I believe that art is, first and foremost, a language and a social dialogue. As an educator, my job is to cultivate well-rounded and informed makers that are fluent in their media while preparing them for post-undergraduate life in art-related fields. To do this, I use phenomenological and heuristic approaches to cultivate the connections between formal skills and conceptual development. I ask that students become attuned to the nuances of their perceptions; by connecting specific actions, such as writing, collecting materials, walking, and movements, to visual research, students learn that their work is inextricable from their situated perspective and daily routines. The goal is to provide students with the experiences they need to create work that aligns their identity with personal expression and technical abilities. With these skills, their work will be able to enter the local and global community through exhibitions, commissions, performances, and collaborative projects.

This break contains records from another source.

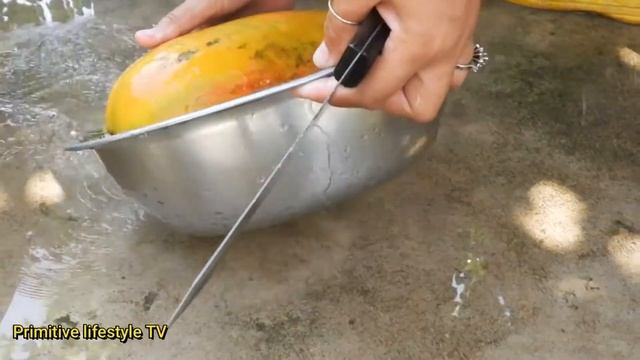 Yummy cooking| Papaya and apple fruit juice with freshy girl| Khmer Sweet смотреть онлайн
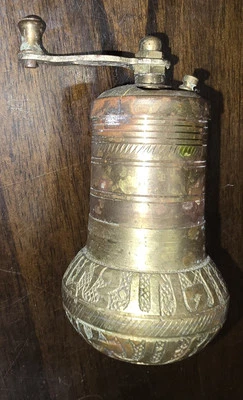 Molinillo miniatura vintage de especias estilo antiguo de 4" latón Hollyland dañado Foto 1 de 4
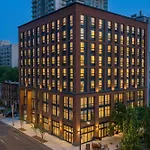 Court Square Long Island , Belvilla District 6 Formerly Sonder 4*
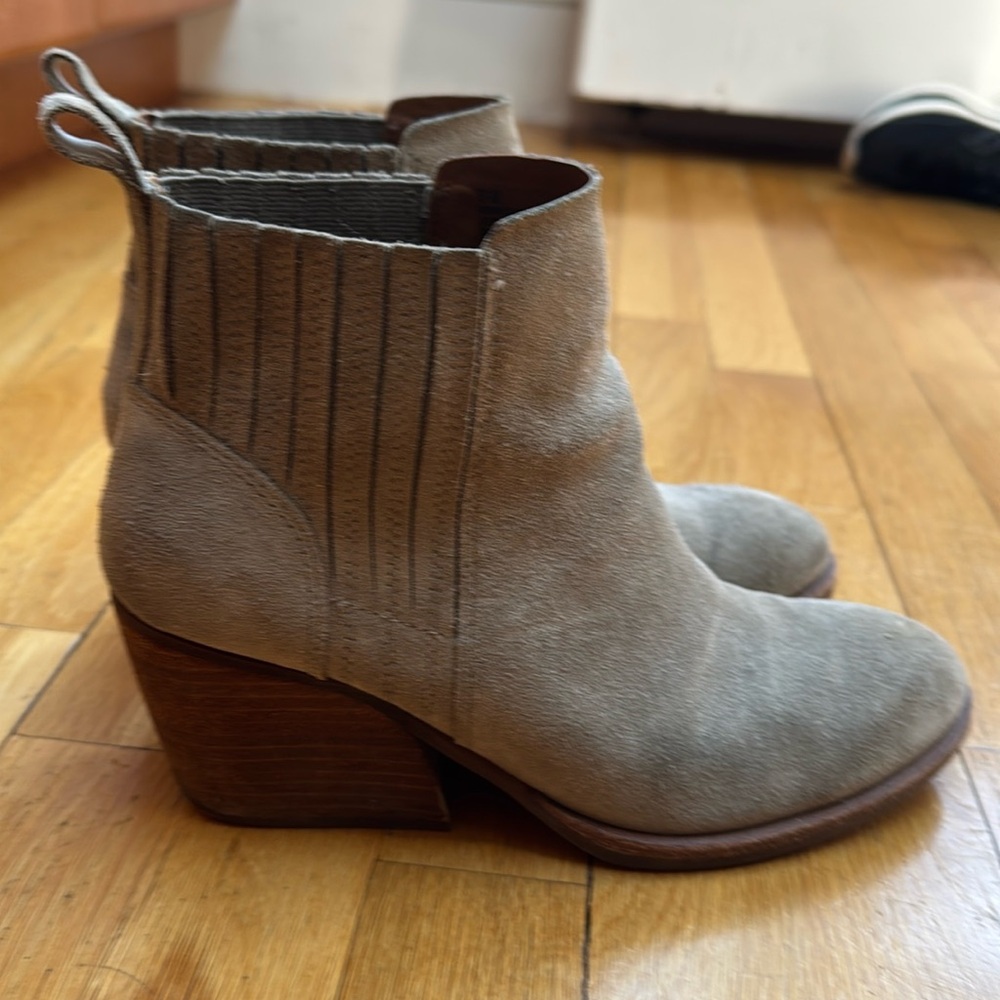 Kork Ease suede booties Size 6.5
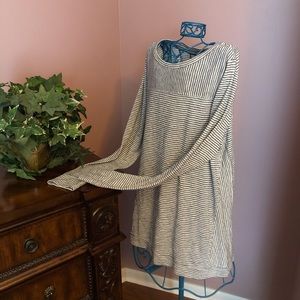 LOFT Long Sleeve Striped Top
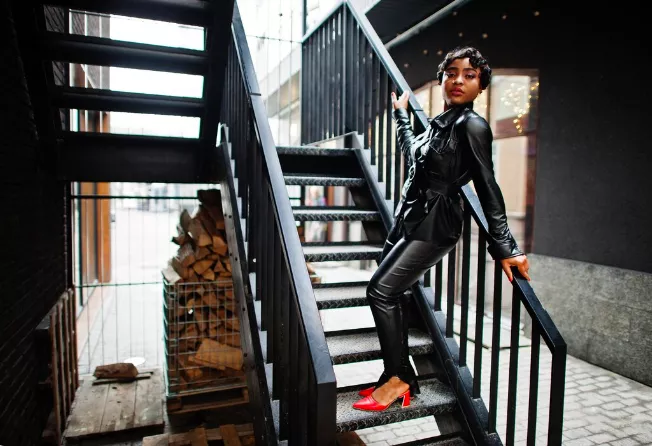 Možná z nich máte strach, ale neprávem. Kalhoty z tohoto materiálu můžete nosit po celý rok. Volte pohodlí a luxus v jednom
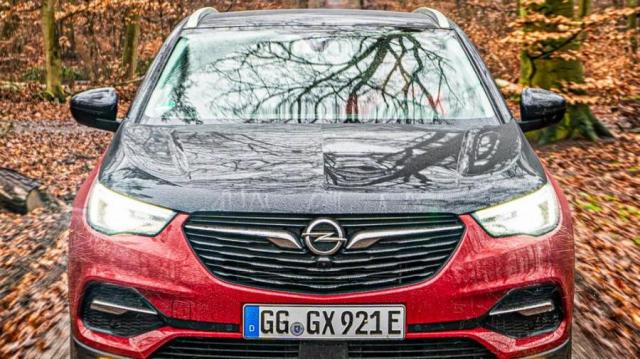 Opel Grandland X Hybrid frontale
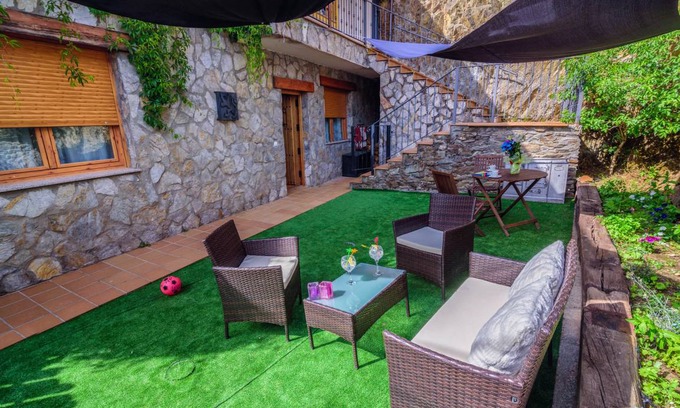 La Omanuela House | 80 m² House ∙ 2 bedrooms ∙ 4 guests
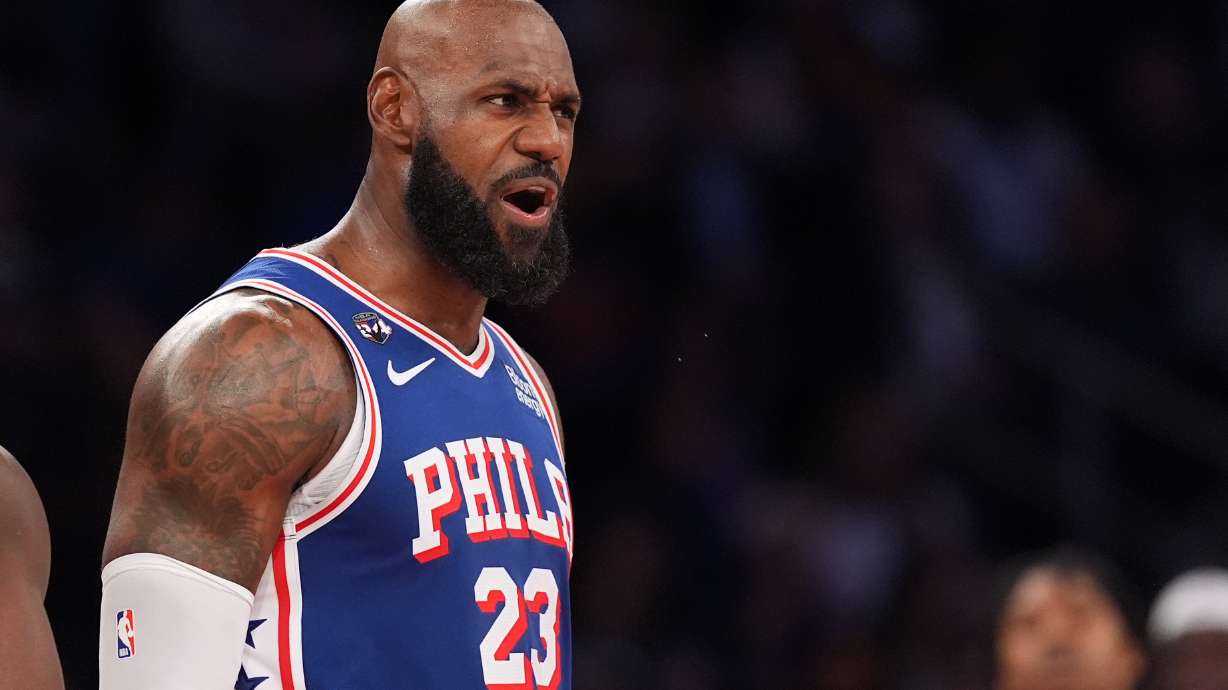LeBron James, de los 76ers de Filadelfia, grita en el partido ante los Knicks de Nueva York, el martes 20 de octubre de 2026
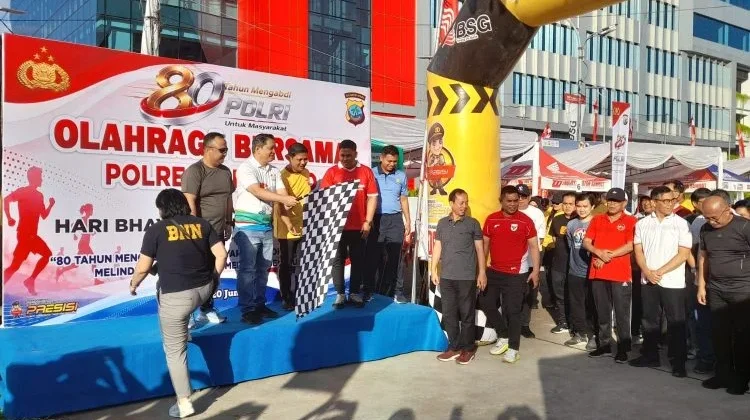 Semarak Hari Bhayangkara ke-80, Polresta Manado Gelar Kegiatan Olahraga Bersama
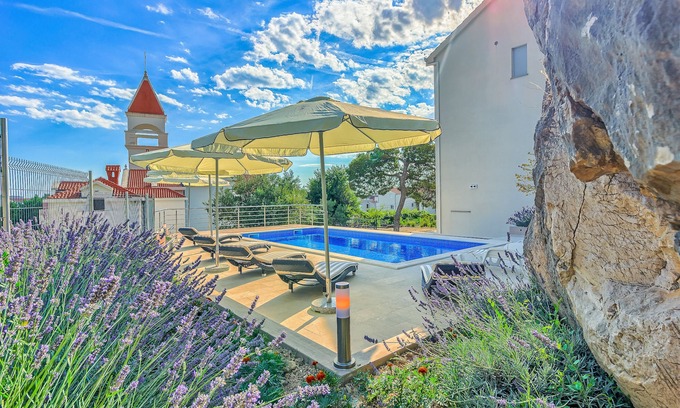 Strozanac Villa | Luxury Villa Rock – Your Private Oasis in Split/Podstrana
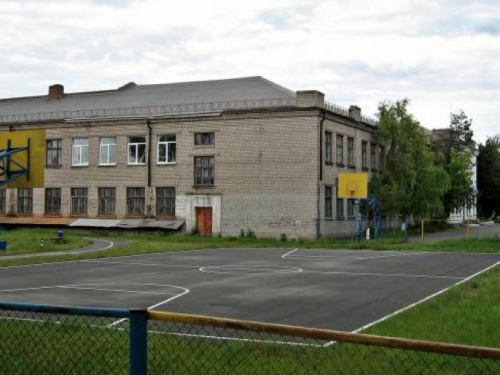 Стало известно, на что потратят 100 тысяч гривен победители «Школы Николая Сталеварова» в Мариуполе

My students are consistently reminded that experimentation is a significant part of the process. As each student is in flux, I encourage an openness to change and eagerness to search. To aid in this process, my assignments are broken down into multistep exercises that build formal and conceptual strength. In the Two-Dimensional Design curriculum, students demonstrate their understanding of how each element interacts with the principles by completing quick exercises in various media, ranging from Photoshop, Illustrator, painting, drawing, photography, and printmaking. For example, to demonstrate the relationship between line and the principles of unity, repetition, variation, and movement, students were required to take 15 photos of any subject matter they preferred; they then used Illustrator to convert those photos to line, pulled the images apart, and reassembled them to abstracted, asymmetrically balanced “landscapes.” Once their composition was resolved, they transferred their design to Bristol paper four times to explore the influence that line weight and expressive mark-making have on perceptual space and the focal points. This is one example of how students execute their understanding of the elements and principles of design with projects that reinforce personal research, iteration, and variation.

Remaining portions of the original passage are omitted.